Organizzazione vuol dire può essere più o meno efficiente. Dipende di chi la dirige e dai suoi stili. Un concetto del genere, si traduce immediatamente in produttività. Spiega anche come due realtà identiche, producano livelli di ricchezza diversi. Facciamo degli esempi tratti dall’esperienza. Certo resta il concetto che organizzazione significa ricchezza prodotta.


a) Per poter insegnare negli Stati Uniti i diversi Rettori mi chiedono, anno per anno, cosa ho pubblicato. Questo per rinnovare il contratto. Nel dettaglio devo esprimere degli studi che rappresentino “un originale punto di vista”. Non solo. Deve rappresentare un avanzamento nello stato della conoscenza della materia. Queste ricerche vengono quindi consegnate ai frequentanti, affinchè mi “conoscano” prima ancora che metta piede in aula. Solitamente nasce rispetto e ascolto.

In Italia nessuno chiede nulla, quindi l’insegnamento non è oggetto di rinnovo annuale. Chi insegnerà meglio e produrrà le idee più avanzate da condividere con gli studenti? In questo caso l’organizzazione e lo stile coincidono.

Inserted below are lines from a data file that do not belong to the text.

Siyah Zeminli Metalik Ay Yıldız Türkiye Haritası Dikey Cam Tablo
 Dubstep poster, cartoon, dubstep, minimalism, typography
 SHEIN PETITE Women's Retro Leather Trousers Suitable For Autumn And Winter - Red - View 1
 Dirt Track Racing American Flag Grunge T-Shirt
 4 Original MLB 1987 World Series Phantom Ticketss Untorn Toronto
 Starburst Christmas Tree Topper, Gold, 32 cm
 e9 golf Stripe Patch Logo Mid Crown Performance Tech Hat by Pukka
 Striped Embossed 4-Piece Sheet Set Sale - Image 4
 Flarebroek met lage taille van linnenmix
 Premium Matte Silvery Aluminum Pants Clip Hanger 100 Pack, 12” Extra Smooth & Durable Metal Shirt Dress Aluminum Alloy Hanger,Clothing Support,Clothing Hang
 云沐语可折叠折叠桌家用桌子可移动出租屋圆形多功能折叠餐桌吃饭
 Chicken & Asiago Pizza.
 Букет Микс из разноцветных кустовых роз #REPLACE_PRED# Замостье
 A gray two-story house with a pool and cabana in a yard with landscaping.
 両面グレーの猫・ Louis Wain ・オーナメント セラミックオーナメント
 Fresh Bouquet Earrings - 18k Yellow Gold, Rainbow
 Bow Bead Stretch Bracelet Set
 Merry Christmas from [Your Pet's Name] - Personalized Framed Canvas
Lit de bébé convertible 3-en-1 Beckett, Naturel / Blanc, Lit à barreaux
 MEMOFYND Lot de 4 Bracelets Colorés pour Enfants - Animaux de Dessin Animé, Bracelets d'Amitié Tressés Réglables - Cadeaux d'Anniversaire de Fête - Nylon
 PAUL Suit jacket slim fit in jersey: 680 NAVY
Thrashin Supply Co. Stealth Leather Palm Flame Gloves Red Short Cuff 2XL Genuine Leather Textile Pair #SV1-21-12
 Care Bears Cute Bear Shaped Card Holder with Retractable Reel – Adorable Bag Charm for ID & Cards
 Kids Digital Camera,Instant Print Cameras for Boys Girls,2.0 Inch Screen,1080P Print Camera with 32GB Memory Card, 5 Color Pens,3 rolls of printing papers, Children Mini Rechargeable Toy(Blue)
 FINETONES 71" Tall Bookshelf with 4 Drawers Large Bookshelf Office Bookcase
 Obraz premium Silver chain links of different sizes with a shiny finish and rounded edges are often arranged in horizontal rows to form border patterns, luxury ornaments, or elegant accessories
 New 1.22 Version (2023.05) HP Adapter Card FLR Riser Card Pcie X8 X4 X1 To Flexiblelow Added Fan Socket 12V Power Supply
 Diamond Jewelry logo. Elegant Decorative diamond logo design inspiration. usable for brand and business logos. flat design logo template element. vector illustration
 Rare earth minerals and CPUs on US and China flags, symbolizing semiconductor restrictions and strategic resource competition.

b) In Italia ho potuto osservare contemporaneamente 3 scuole pubbliche. In 2 casi ho trovato degli spunti interessanti. Nel primo il Preside è un uomo che ha il suo ufficio sulle scale. In questo modo è onnipresente tra gli studenti e insegnanti.  Ottimo esempio. Questo funzionario di Stato cura ogni minimo dettaglio di persona, senza soffocare l’iniziativa dei collaboratori. A volte, mentre i docenti insegnano, entra in classe e ascolta.

Nell’altra scuola, il Preside riceve su appuntamento i suoi docenti. Non è mai presente tra i piani e sulle scale. Ne consegue che gli studenti, che dovrebbero essere in aula sono invece al bivacco. Osservando la qualità umana dei ragazzi, non ci sono confronti tra i due istituti. Nel primo, in linea di massima, abbiamo delle “persone in gamba”.

Nella seconda scuola, soprattutto ai primi anni, la devianza comportamentale regna sovrana. L’istituzione è totalmente assente, lasciando gli insegnanti a se stessi. In pratica avvengono casi di lancio delle sedie contro il muro. Banchi scarabocchiati. Docenti minacciati. Porte che si sbattono e generalmente uno sfascio totale.

L’organizzazione è assente. Lo stile non lo citiamo neppure per pudore.


c) L’anno scorso in Brescia ho assunto il ruolo di Direttore Generale. Prima che chiunque entrasse in azienda al mattino, alle 7.30 ero già io sul posto. Tutti entrando dovettero prendere atto che io c’ero e li guardavo. Partito da Milano alle 4.30 del mattino per le 5.45 di ogni giorno ho ispezionato ogni locale. I bagni volevo trovarli puliti. I muri decenti e senza ragnatele. I vetri non sfondati. I fili non penzolanti. Che le maestranze lavorassero con luce adeguata, in sicurezza e chiamati per cognome.

Un giorno chiesi perché un carico di sabbia non fosse pesato come gli altri. La ditta trasportatrice era in parentela con la proprietà.  A quel punto il rapporto si guastò e me ne andai. Altri clienti erano già in attesa.

Conclusione

Le 3 testimonianze hanno un filo conduttore: la struttura organizzativa si modella a seconda di chi la dirige. I difetti, le patologie o i pregi del “boss”, si traducono in forza o debolezza dell’intero contesto. Quando qui detto responsabilizza i quadri e individua un punto focale senza il quale non c’è organizzazione: il capo. Come approfondimento è stato scritto un saggio dal titolo: “anche le organizzazioni si ammalano”. Nella ricerca si entra nel dettaglio, indicando anche quanto fatturato in meno subisce un’impresa mal condotta.